Start of Block
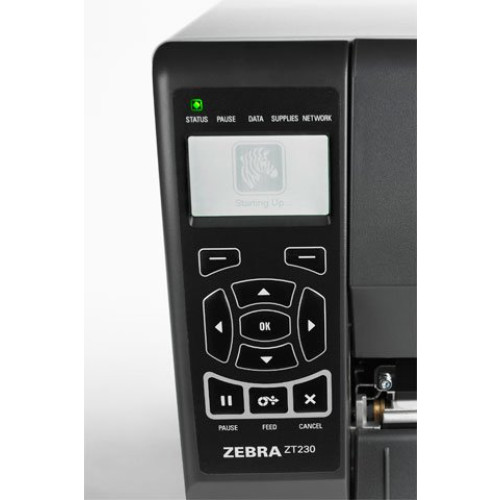 Zebra Barcode Label Printer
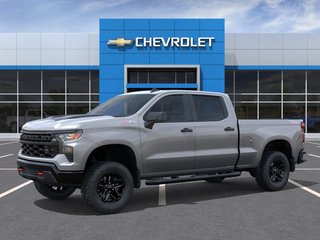 2026 Chevrolet Silverado 1500 Custom Trail Boss in Drummondville, Quebec - 2 - w320h240px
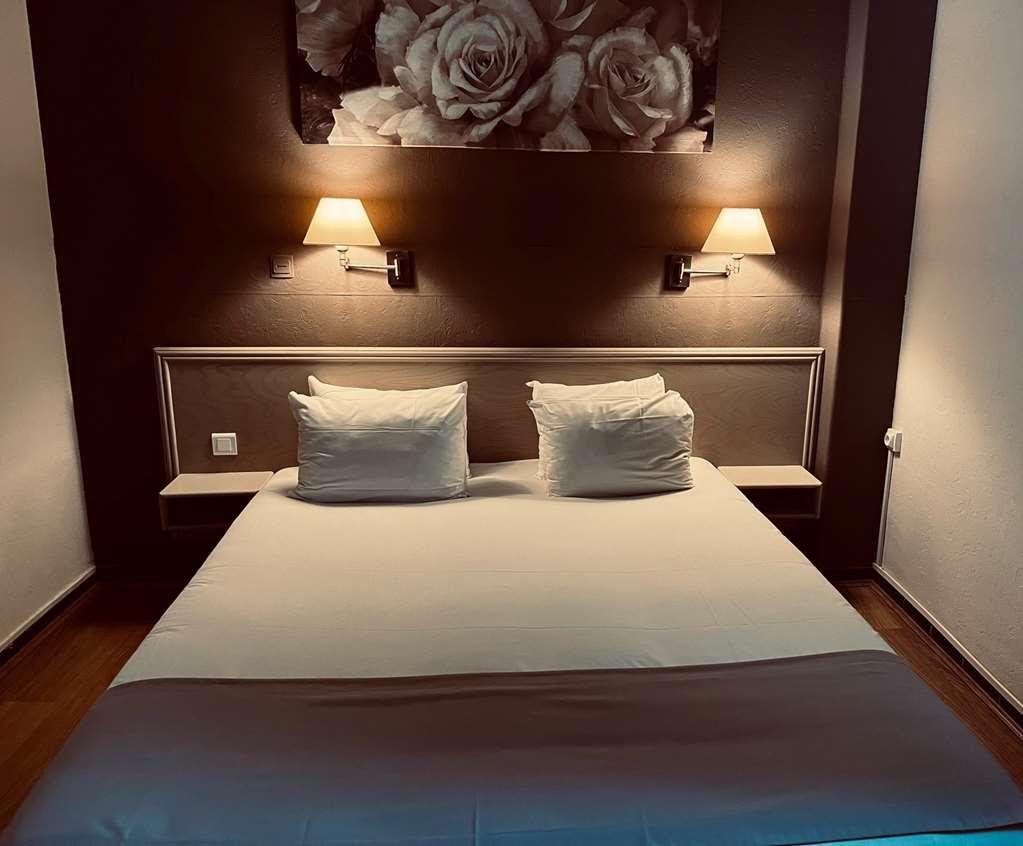 Cit'Hotel Le Louvre Orange Bilik gambar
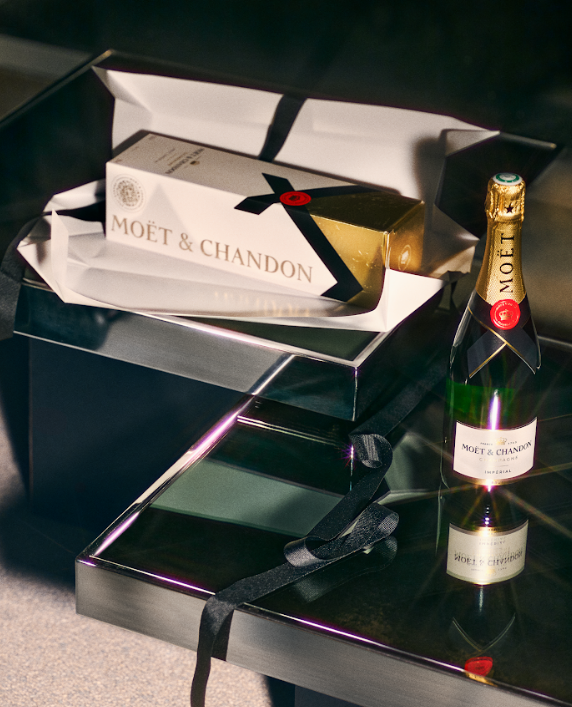 Moët & Chandon celebra Dia do Champagne com destaques de seu portfólio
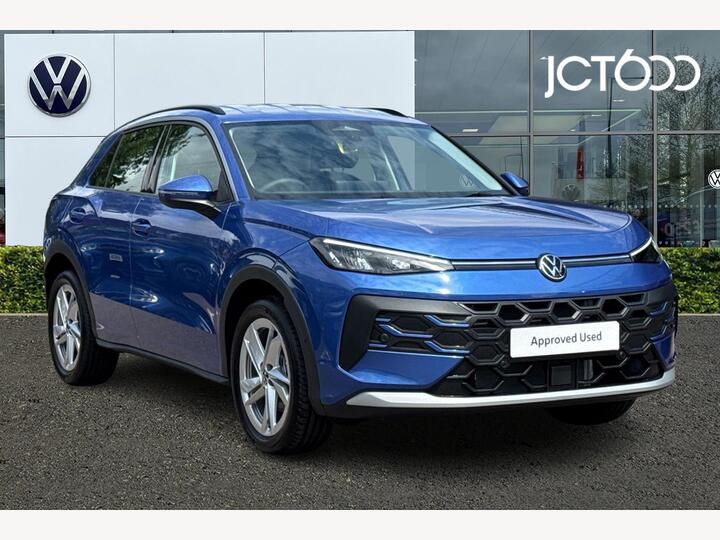 Volkswagen T-Roc 1.5 ETSI MHEV Life DSG Euro 6 (s/s) 5dr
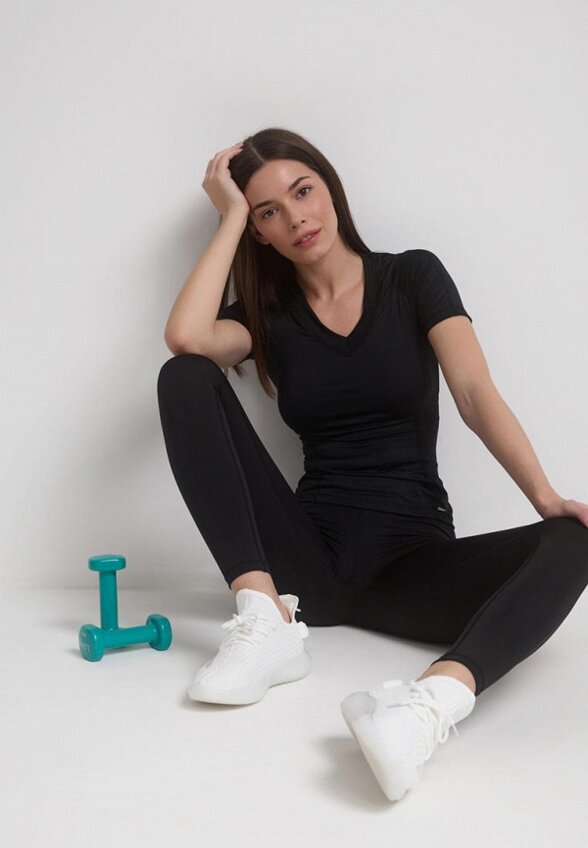 Футболка спортивная PerEach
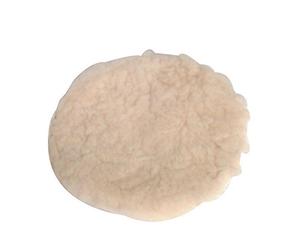 Silverline 107968 Hook and Loop Lambswool Bonnet 125 mm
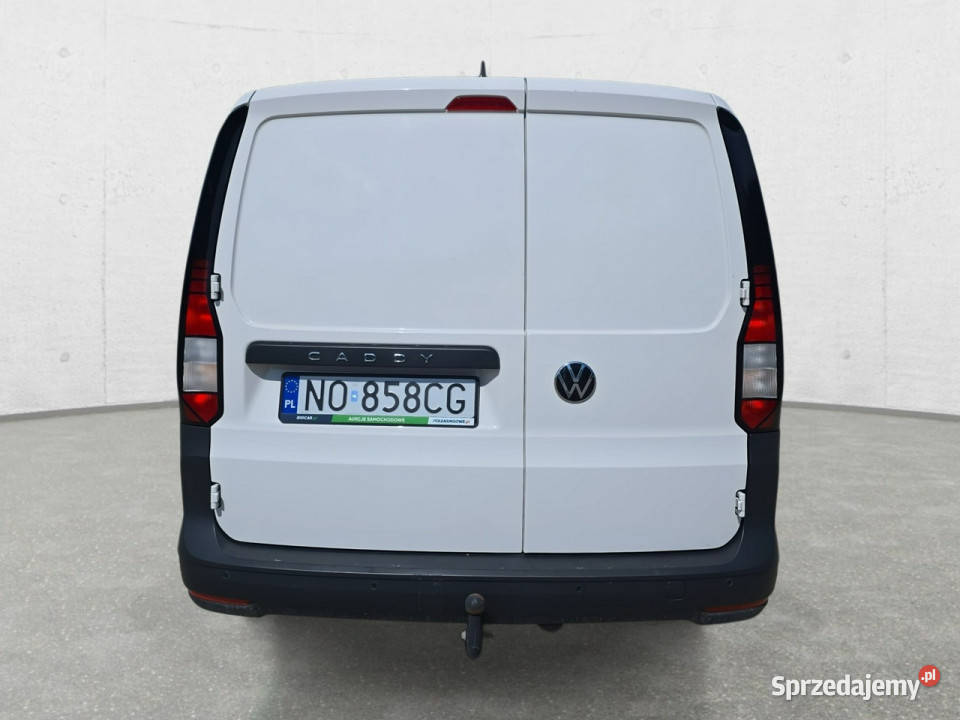 Volkswagen Caddy Poleasingowe BZ dolnośląskie Komorniki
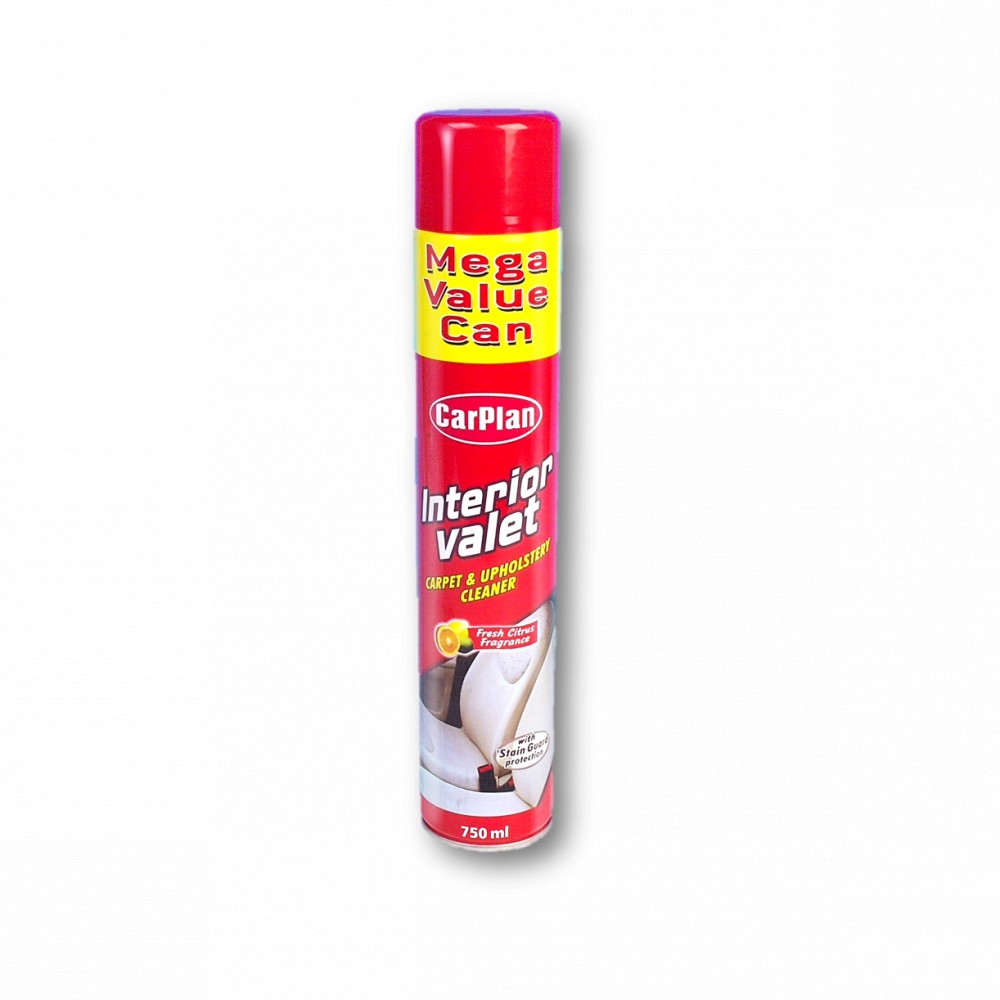 Image for CarPlan IVC750 Interior Valet 750ml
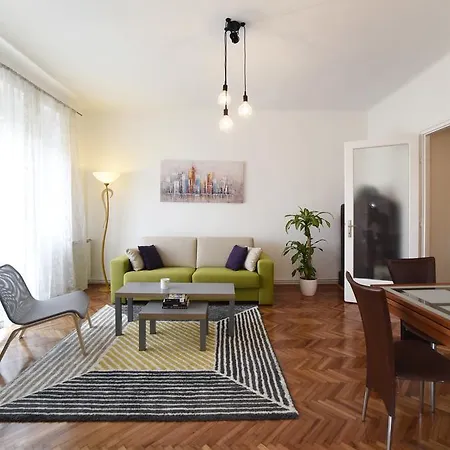 Apartment Sunny Zagreb Exterior photo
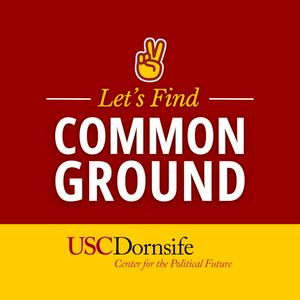 Let’s Find Common Ground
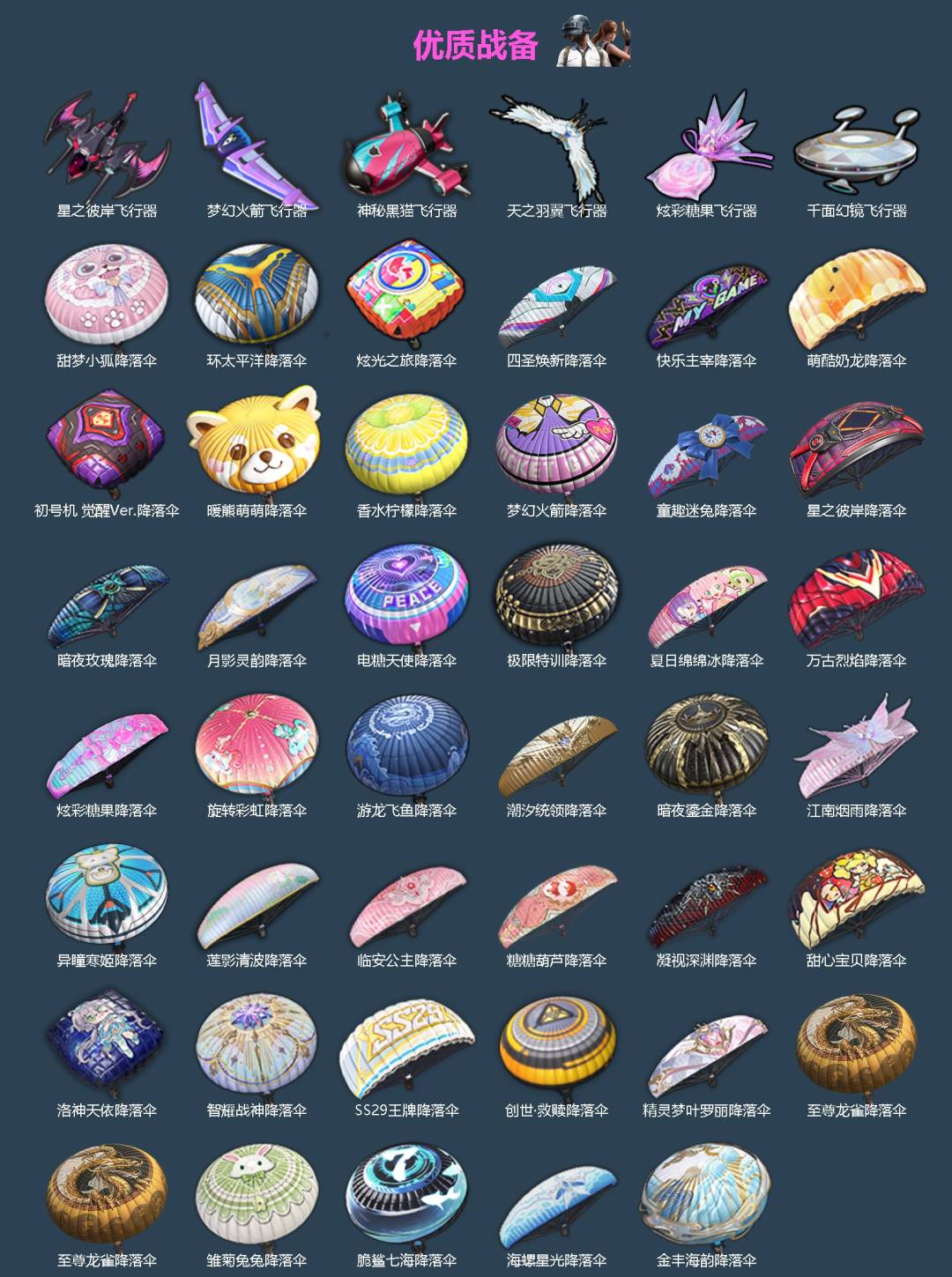 HPQM4117731和平精英账号详情图7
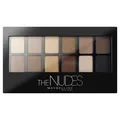 Produktbild: Maybelline Lidschattenpalette Die Nudes 12 Farben 9,6g Lidschatten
End of Block
> Exercise objective: From the records above, quote word for word only the lines beginning at the line that has "Cit'Hotel Le Louvre Orange Bilik gambar" and stopping after the line that has "HPQM4117731和平精英账号详情图7". Omit the pictures.

> Response box:
 Cit'Hotel Le Louvre Orange Bilik gambar
 Moët & Chandon celebra Dia do Champagne com destaques de seu portfólio
 Volkswagen T-Roc 1.5 ETSI MHEV Life DSG Euro 6 (s/s) 5dr
 Футболка спортивная PerEach
 Silverline 107968 Hook and Loop Lambswool Bonnet 125 mm
 Volkswagen Caddy Poleasingowe BZ dolnośląskie Komorniki
 Image for CarPlan IVC750 Interior Valet 750ml
 Apartment Sunny Zagreb Exterior photo
 Let’s Find Common Ground
 HPQM4117731和平精英账号详情图7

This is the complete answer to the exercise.